Robustness of LSTM neural networks for multi-step forecasting of chaotic time series

Recurrent neurons (and in particular LSTM cells) demonstrated to be efficient when used as basic blocks to build sequence to sequence architectures, which represent the state-of-the-art approach in many sequential tasks related to natural language processing. In this work, these architectures are proposed as general purposes, multi-step predictors for nonlinear time series. We analyze artificial, noise-free data generated by chaotic oscillators and compare LSTM nets with the benchmarks set by feed-forward, one-step-recursive and multi-output predictors. We focus on two different training methods for LSTM nets. The traditional one makes use of the so-called teacher forcing, i.e. the ground truth data are used as input for each time step ahead, rather than the outputs predicted for the previous steps. Conversely, the second feeds the previous predictions back into the recurrent neurons, as it happens when the network is used in forecasting.

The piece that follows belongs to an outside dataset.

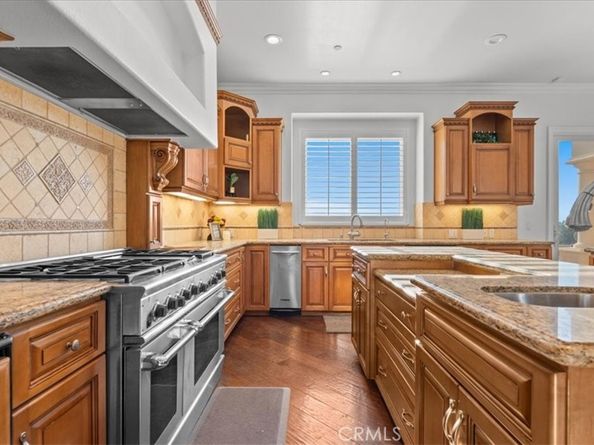 752 Valparaiso Drive, Claremont CA 91711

LSTM predictors robustly show the strengths of the two benchmark competitors, i.e., the good short-term performance of one-step-recursive predictors and greatly improved mid-long-term predictions with respect to feed-forward, multi-output predictors. Training LSTM predictors without teacher forcing is recommended to improve accuracy and robustness, and ensures a more uniform distribution of the predictive power within the chaotic attractor. We also show that LSTM architectures maintain good performances when the number of time lags included in the input differs from the actual embedding dimension of the dataset, a feature that is very important when working on real data.